- Born: Karl Frederick Freed September 25, 1942
- Died: January 11, 2026 (aged 83)
- Education: Columbia University (BS) Harvard University (PhD)
- Scientific career
- Fields: Polymer physics Biophysics Chemical physics Theoretical chemistry
- Workplaces: University of Manchester University of Chicago
- Thesis: Theoretical studies in molecular spectroscopy (1967)
- Doctoral students: John M. Jumper Moungi Bawendi
- Website: chemistry.uchicago.edu/faculty/karl-freed

= Karl Freed =

American theoretical chemist

Karl Frederick Freed (September 25, 1942 - January 11, 2026) was an American theoretical chemist recognized for his research in polymer physics. Freed spent his independent academic career in the department of chemistry and the James Frank Institute at the University of Chicago, where retired as the Henry G. Gale Distinguished Service Professor emeritus.

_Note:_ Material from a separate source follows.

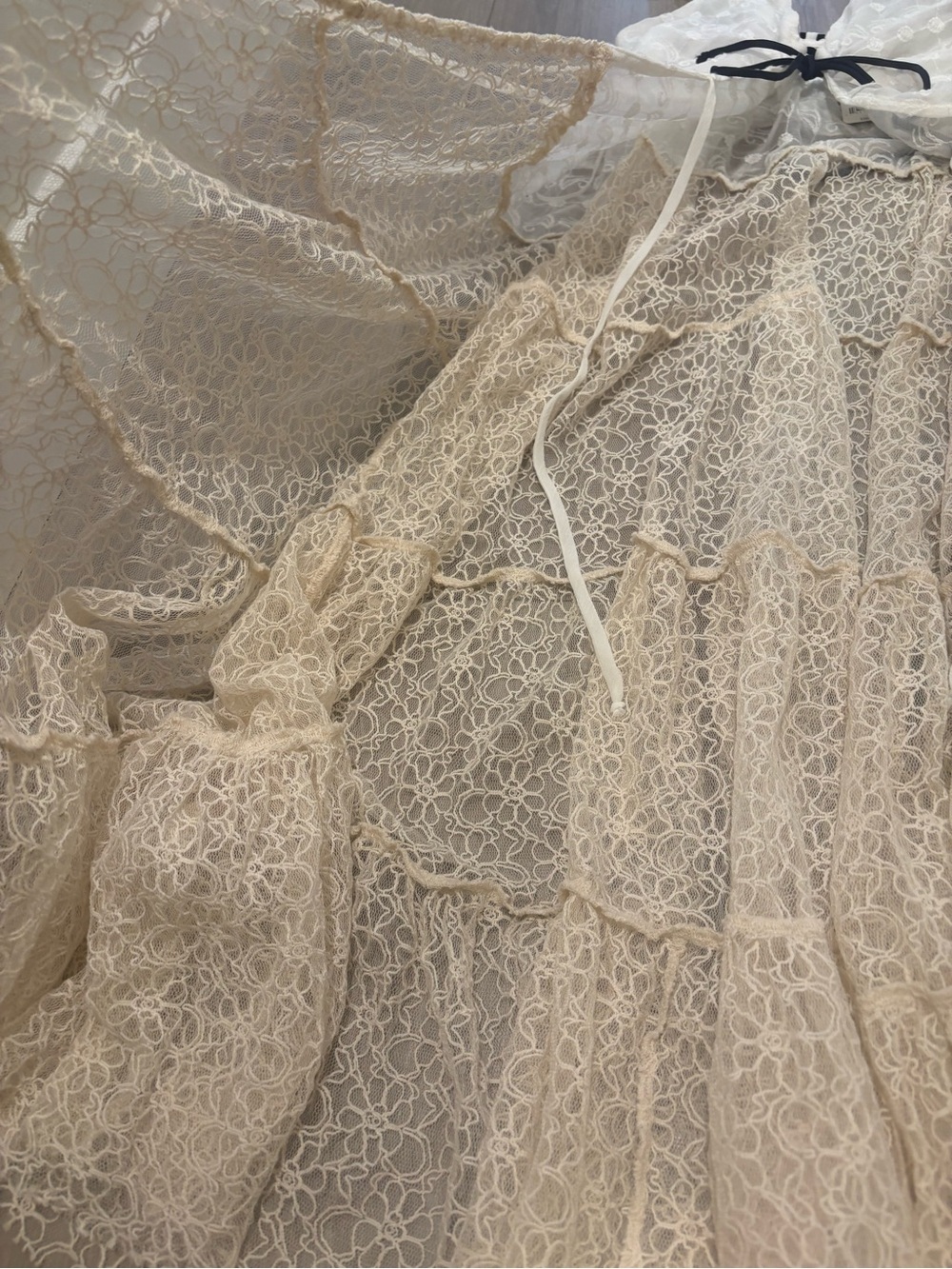 Free People Selena Maxi Top - Sheer Cream Lace - Picture 9 of 16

He was a member of the American Academy of Arts and Sciences, a Fellow of the American Physical Society, and was awarded the Polymer Physics Prize of the American Physical Society in 2014 and the Award in Pure Chemistry by the American Chemical Society in 1976.

==Education==
- Stuyvesant High School
- Columbia University, B.S., 1963
- Harvard University, A.M., 1965; Ph.D., 1967 (with William Klemperer)

==Career and research==
Freed was a NATO Postdoctoral Fellow at the University of Manchester from 1967-1968.

Two of Freed's former doctoral students have been awarded the Nobel Prize in Chemistry: Moungi Bawendi in 2023 and John M. Jumper in 2024.